À ces impôts fonciers généraux, il faudra également ajouter les taxes spéciales que les arrondissements ont le droit de lever. Plateau-Mont-Royal pourrait devenir en 2011 le premier arrondissement de l'ex-Montréal à profiter de cette possibilité, comme huit ex-villes de banlieue l'ont fait l'an dernier.

CAM à la hausse

Outre l'impôt foncier, le budget 2011 réservera quelques mauvaises surprises aux Montréalais.
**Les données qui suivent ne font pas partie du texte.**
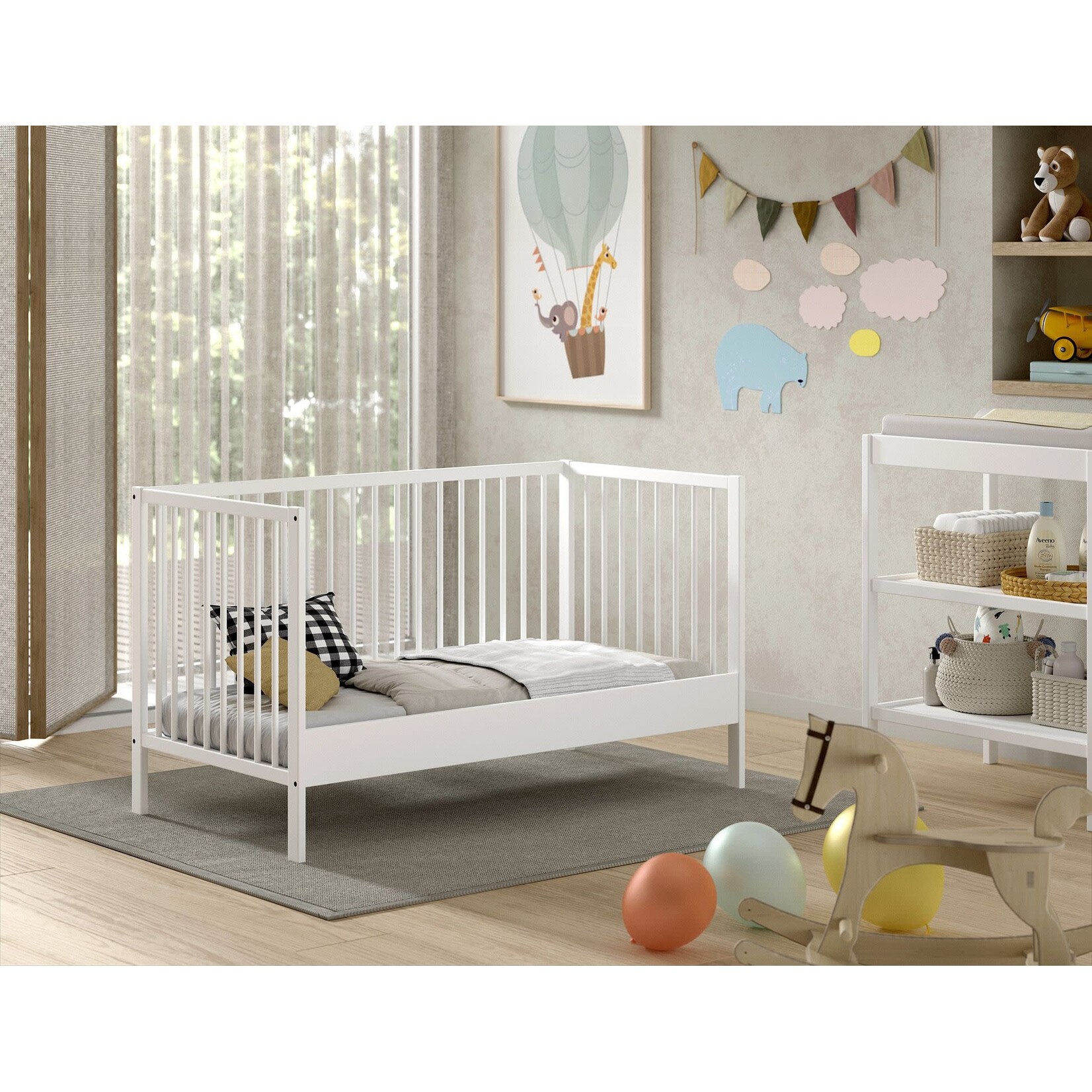 Jaxx Furniture DINO BABY-/PEUTERBED 70 X 140 CM WIT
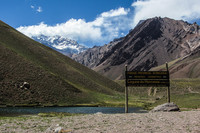 Laguna de Horcones med Aconcagua bak.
Comme l'a révélé Radio-Canada la semaine dernière, citant des chiffres qui n'ont pas été contestés hier à l'hôtel de ville, les usagers de la Société de transport de Montréal subiront une hausse de tarifs de 4%.

«Si ce chiffre se confirme, c'est déplorable et inacceptable», dit Louise Harel, chef de Vision Montréal. Elle rappelle que, en huit ans, l'abonnement mensuel à la STM (la CAM) a augmenté de 40% tandis que l'inflation a crû de 13,4%.

Estimant que la facture sera «salée»pour les contribuables en 2011, elle déplore qu'on n'ait pas réellement éliminé les dédoublements. «On dirait une confédération d'arrondissements, pas une grande ville où les ressources centrales sont utilisées au mieux.»

La taxe du fonds de l'eau et d'infrastructures sera par ailleurs haussée de 1,5% pour l'ensemble des contribuables. Si Québec donne son aval, une nouvelle taxe sur l'immatriculation d'un maximum de 45$ sera imposée aux automobilistes de l'île de Montréal. Ces revenus, évalués à 30 millions, iront directement dans les coffres de la STM. Cette nouvelle possibilité de financement a été accordée à Montréal en juin 2008, par l'adoption de la loi 22.

Celle-ci permettrait également de percevoir des taxes sur les terrains de stationnement et d'augmenter les droits de mutation immobilière. En fait, Montréal peut imposer à sa guise toute forme de taxe directe, sauf dans 13 domaines déjà imposés par Québec, comme les revenus, la fortune, les ressources naturelles ou les boissons alcooliques.

Rien n'indique cependant que l'administration Tremblay compte exploiter de nouveaux champs de taxation pour 2011.